Figlio di un cristiano, Abu Tammam nacque nell’805 (data incerta) a Jasim, piccola località nel sud della Siria. Dopo aver trascorso la giovinezza a Homs da tessitore e venditore d’acqua, debuttò come poeta e filologo in Egitto. Solo in Iraq troverà però la sua fortuna, nella capitale Baghdad alla corte di illustri califfi. Morì a Mosul nell’845 (altra data incerta).
Abu Tammam fu faro della letteratura araba del IX secolo, che nella sua era Abbaside (dal nome della dinastia regnante, la terza del mondo islamico) raggiunse il massimo splendore – rompendo gli schemi lirici tradizionali – dopo la lunga tradizione orale e la codifica della parola di Allah nel Corano. Gli Abbasidi fondarono Baghdad e la elessero a capitale, regnando fino al XIII secolo. Fiorirono in questi secoli anche la filosofia e le scienze.

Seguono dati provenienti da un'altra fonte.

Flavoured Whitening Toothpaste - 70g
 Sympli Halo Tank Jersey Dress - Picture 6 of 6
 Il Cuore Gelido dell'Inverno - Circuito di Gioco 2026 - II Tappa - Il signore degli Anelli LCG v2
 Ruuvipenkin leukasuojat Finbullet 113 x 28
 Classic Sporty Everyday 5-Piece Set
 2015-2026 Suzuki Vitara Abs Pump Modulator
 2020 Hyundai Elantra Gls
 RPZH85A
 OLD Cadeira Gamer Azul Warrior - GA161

Tammam deve la sua fama alle Hamasa (in arabo “esortazioni”), una delle più grandi antologie di letteratura araba mai scritte. Molte delle poesie raccolte, caricate di immagini artificiose e retoriche, sono frammenti selezionati da lunghi poemi.
Quando, al colmo dell’ebbrezza, infine
s’addormentò, quando i suoi occhi
misero fine alla ronda notturna,
cedendo a loro volta al sonno,
m’avvicinai a una distanza
conveniente, come s’accosta a un compagno
che sa pienamente il valore
di ciò che s’appresta a saggiare,
per vellicarlo come si vellica
una bellezza sonnolenta,
per sfiorarlo
come si sfiora un effluvio.
La notte trascorse così
con lui sempre addormentato,
finché l’aurora non schiuse
le sue labbra con un sorriso.
In “L’amato dorme” il poeta certifica la rassicurante quotidianità di un amore tra due uomini con parole delicate e una sensibilità quantomai contemporanea. La distanza diventa conveniente, la bellezza sonnolenta, l’aurora schiude le labbra con un sorriso. Il valore di ciò che l’uomo s’appresta a saggiare è cosa nota, ma non per questo meno appagante. L’amore è qui, tra le parole di questa antichissima poesia araba, baciato da una notte come tante.